Work order: A set of records appears below. Print them all, word for word.

Listed records:

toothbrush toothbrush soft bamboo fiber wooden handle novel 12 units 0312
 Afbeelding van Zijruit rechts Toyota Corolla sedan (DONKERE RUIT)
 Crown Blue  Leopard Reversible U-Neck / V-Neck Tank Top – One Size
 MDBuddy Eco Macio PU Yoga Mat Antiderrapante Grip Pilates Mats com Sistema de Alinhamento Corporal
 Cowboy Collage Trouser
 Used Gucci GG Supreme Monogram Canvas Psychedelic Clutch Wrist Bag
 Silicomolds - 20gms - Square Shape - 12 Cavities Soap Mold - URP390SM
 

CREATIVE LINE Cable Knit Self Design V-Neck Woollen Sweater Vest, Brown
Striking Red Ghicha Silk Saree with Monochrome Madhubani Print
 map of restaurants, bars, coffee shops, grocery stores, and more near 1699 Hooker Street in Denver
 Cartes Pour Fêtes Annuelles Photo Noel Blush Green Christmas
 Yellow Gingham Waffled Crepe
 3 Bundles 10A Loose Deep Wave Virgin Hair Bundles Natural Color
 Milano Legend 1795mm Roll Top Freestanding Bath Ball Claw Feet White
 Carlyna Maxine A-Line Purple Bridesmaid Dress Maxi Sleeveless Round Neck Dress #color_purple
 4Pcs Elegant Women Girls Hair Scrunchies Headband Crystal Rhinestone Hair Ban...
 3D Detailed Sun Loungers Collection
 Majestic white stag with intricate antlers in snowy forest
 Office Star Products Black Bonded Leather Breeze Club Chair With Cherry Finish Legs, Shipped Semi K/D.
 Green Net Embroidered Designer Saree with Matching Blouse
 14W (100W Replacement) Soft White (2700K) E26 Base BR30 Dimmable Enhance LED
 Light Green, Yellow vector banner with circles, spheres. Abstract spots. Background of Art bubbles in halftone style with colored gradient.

Output of the exercise:
toothbrush toothbrush soft bamboo fiber wooden handle novel 12 units 0312
 Afbeelding van Zijruit rechts Toyota Corolla sedan (DONKERE RUIT)
 Crown Blue  Leopard Reversible U-Neck / V-Neck Tank Top – One Size
 MDBuddy Eco Macio PU Yoga Mat Antiderrapante Grip Pilates Mats com Sistema de Alinhamento Corporal
 Cowboy Collage Trouser
 Used Gucci GG Supreme Monogram Canvas Psychedelic Clutch Wrist Bag
 Silicomolds - 20gms - Square Shape - 12 Cavities Soap Mold - URP390SM
 

CREATIVE LINE Cable Knit Self Design V-Neck Woollen Sweater Vest, Brown
Striking Red Ghicha Silk Saree with Monochrome Madhubani Print
 map of restaurants, bars, coffee shops, grocery stores, and more near 1699 Hooker Street in Denver
 Cartes Pour Fêtes Annuelles Photo Noel Blush Green Christmas
 Yellow Gingham Waffled Crepe
 3 Bundles 10A Loose Deep Wave Virgin Hair Bundles Natural Color
 Milano Legend 1795mm Roll Top Freestanding Bath Ball Claw Feet White
 Carlyna Maxine A-Line Purple Bridesmaid Dress Maxi Sleeveless Round Neck Dress #color_purple
 4Pcs Elegant Women Girls Hair Scrunchies Headband Crystal Rhinestone Hair Ban...
 3D Detailed Sun Loungers Collection
 Majestic white stag with intricate antlers in snowy forest
 Office Star Products Black Bonded Leather Breeze Club Chair With Cherry Finish Legs, Shipped Semi K/D.
 Green Net Embroidered Designer Saree with Matching Blouse
 14W (100W Replacement) Soft White (2700K) E26 Base BR30 Dimmable Enhance LED
 Light Green, Yellow vector banner with circles, spheres. Abstract spots. Background of Art bubbles in halftone style with colored gradient.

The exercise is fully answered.